Description of the task: From the line containing "Neumático -goma- para" to the last line of the listing, transcribe exactly and add nothing else; keep both ends and omit pictures.

Exercise data:

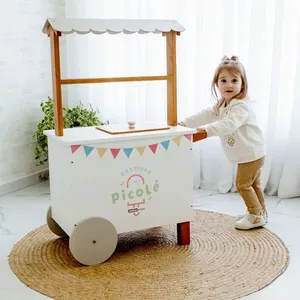 Carrinho de Picolé de Brinquedo 65cm X 37cm X 100cm Cinza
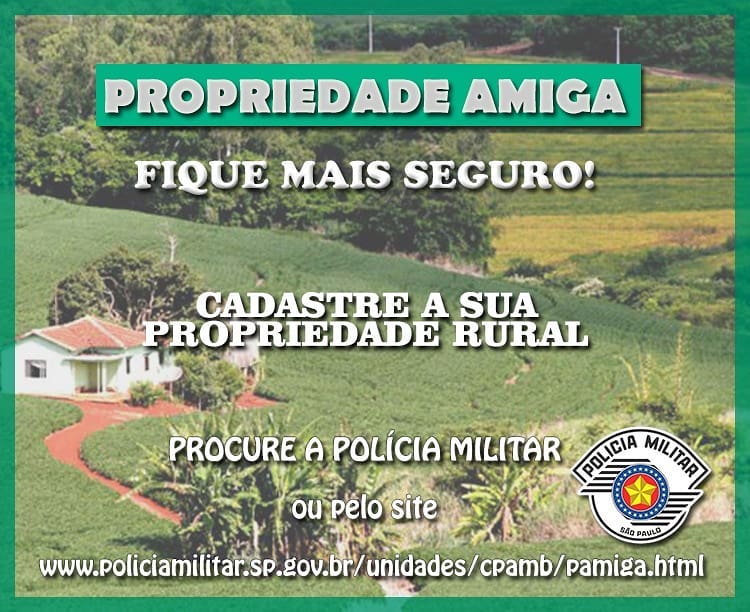 Imagem sobre o Projeto Propriedade Amiga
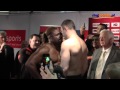 Klitschko - Briggs face-off after official weigh-in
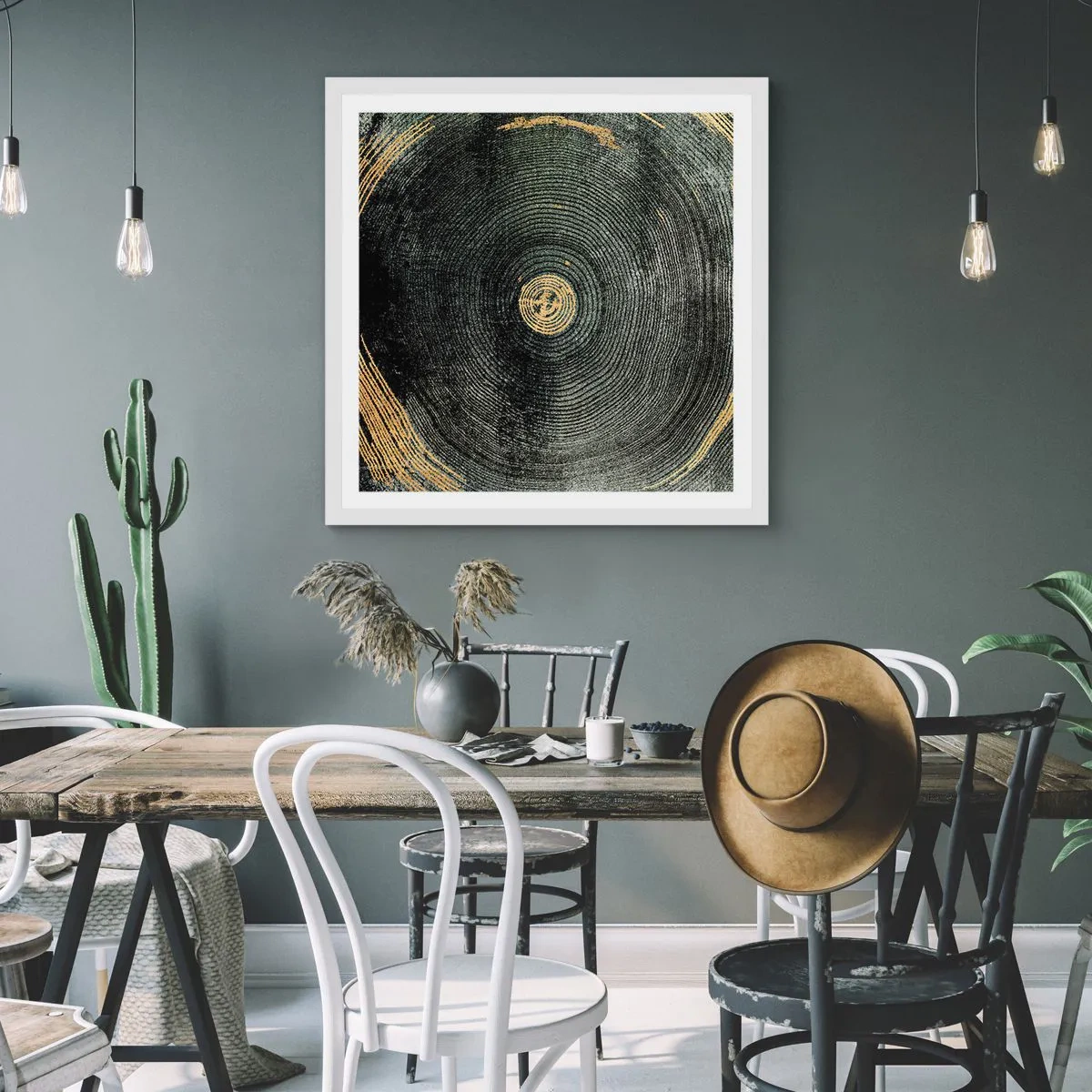 Affiche dans un cadre blanc - Poster - Changement et persistance - 30x30 cm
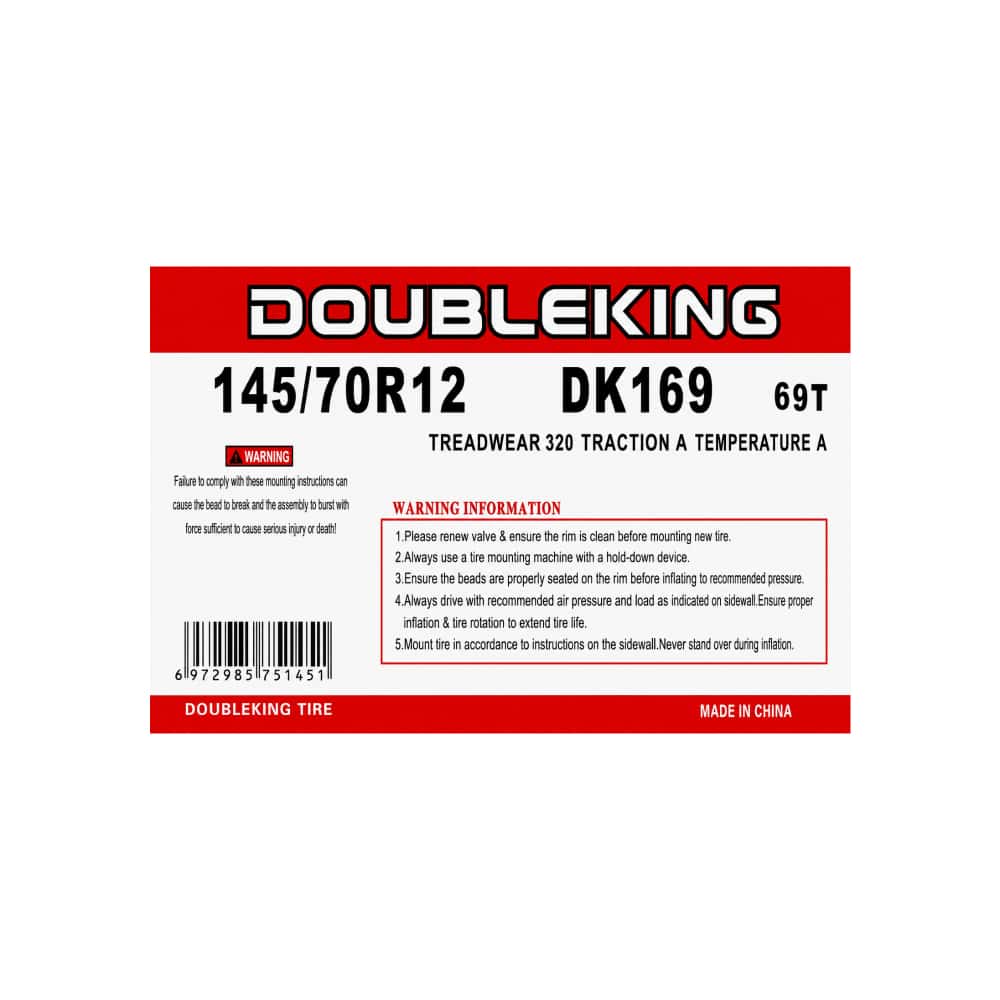 Neumático -goma- para carro 145 / 70 R12 Double King DK169 - Miniatura 3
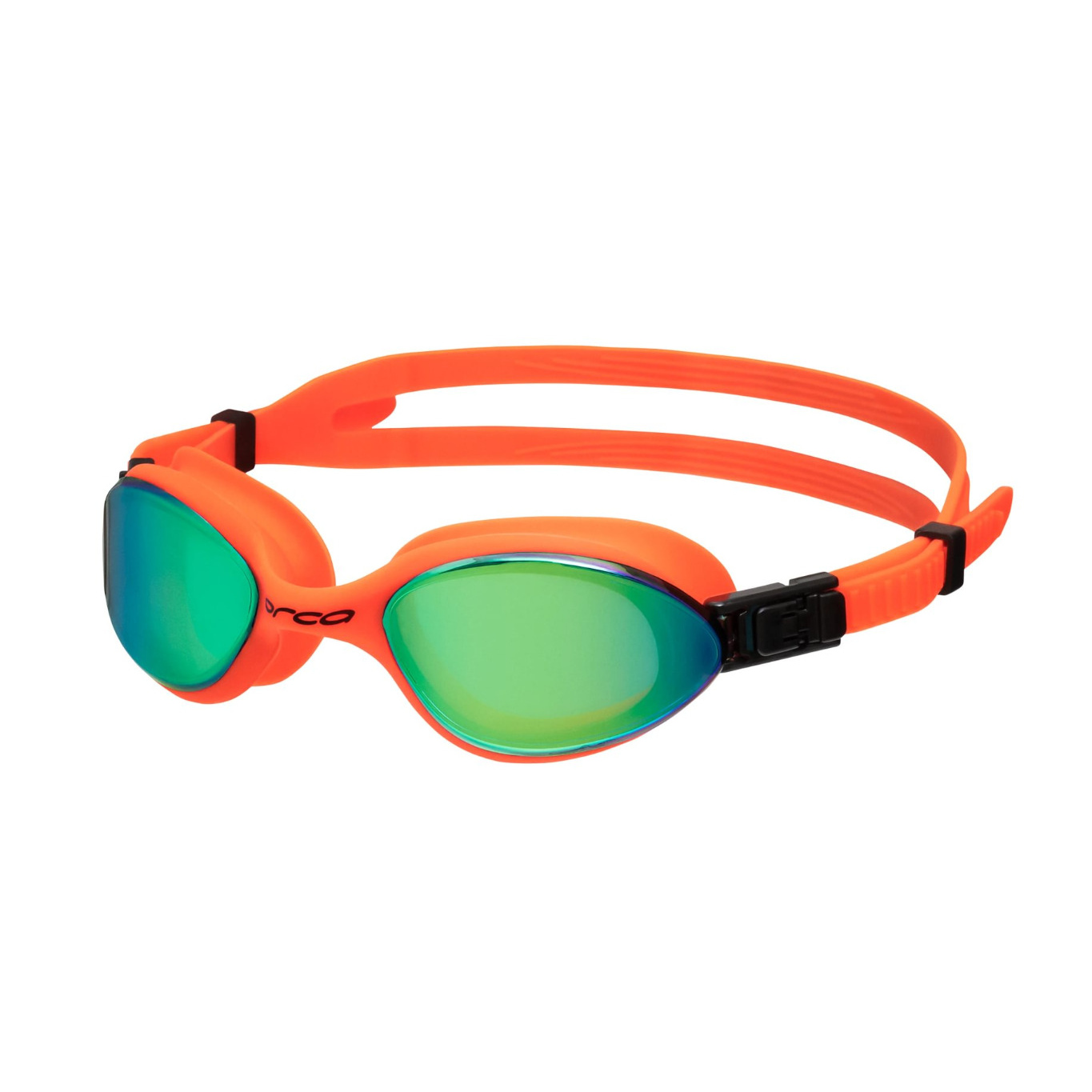 ORCA Killa 180 Swimming Goggles - Orange - Mirrored Lenses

Response to this task:
 Neumático -goma- para carro 145 / 70 R12 Double King DK169 - Miniatura 3
 ORCA Killa 180 Swimming Goggles - Orange - Mirrored Lenses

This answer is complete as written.